PIP-466: New Java Client API (V5) with Scalable Topic Support

Background Knowledge

Apache Pulsar's Java client API (pulsar-client-api) has been the primary interface for Java applications since Pulsar's inception. The API surface has grown organically over the years to support partitioned topics, multiple subscription types, transactions, schema evolution, and more.

API versioning precedent. Pulsar already went through a breaking API redesign in the 2.0 release, where the old API was moved into a separate compatibility module (pulsar-client-1x-base) and the main module was replaced with the new API. This PIP takes a less disruptive approach: the existing pulsar-client-api and pulsar-client modules stay completely unchanged, and the new API is introduced in an additional pulsar-client-v5 module. Existing applications are unaffected; new applications can opt in to the V5 API.

Partitioned topics are Pulsar's current mechanism for topic-level parallelism. A partitioned topic is a collection of N independent internal topics (partitions), each backed by a separate managed ledger. The client is responsible for routing messages to partitions (via MessageRouter) and is exposed to partition-level details through TopicMessageId, getPartitionsForTopic(), and partition-specific consumers.

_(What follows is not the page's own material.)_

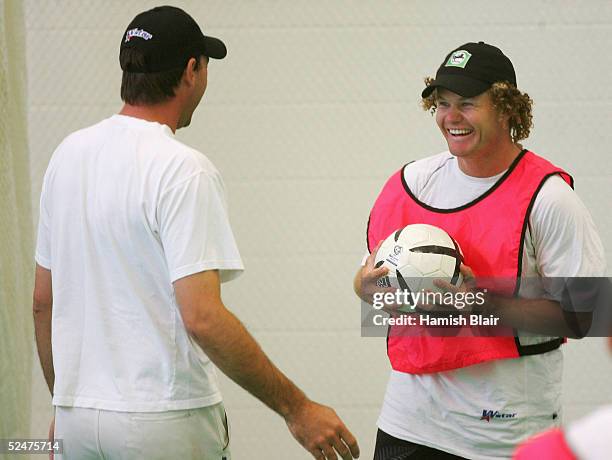 Stephen Fleming and Hamish Marshall of New Zealand share a joke during training at Eden Park on March 25, 2005 in Auckland, New Zealand.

Subscription types control how messages are distributed to consumers. Pulsar supports four types — Exclusive, Failover, Shared, and Key_Shared — all accessed through a single Consumer interface. The interface exposes all operations regardless of which subscription type is in use, even though some operations (e.g., acknowledgeCumulative() on Shared) throw at runtime.

Scalable topics (PIP-460) are a new server-side mechanism where a topic is composed of a DAG of hash-range segments that can be dynamically split and merged by the broker. Unlike partitioned topics, the number of segments is invisible to the client and can change at runtime without application awareness. The client receives segment layout updates via a dedicated protocol command (DAG watch session) and routes messages based on hash-range matching. This PIP defines the client API designed to work with scalable topics; the broker-side design is covered by PIP-460.

Motivation

1. Remove partitioning from the client API

The current API leaks partitioning everywhere: TopicMessageId carries partition indexes, getPartitionsForTopic() exposes the count, MessageRouter forces the application to make routing decisions, and consumers can be bound to specific partitions. This forces application code to deal with what is fundamentally a server-side scalability concern.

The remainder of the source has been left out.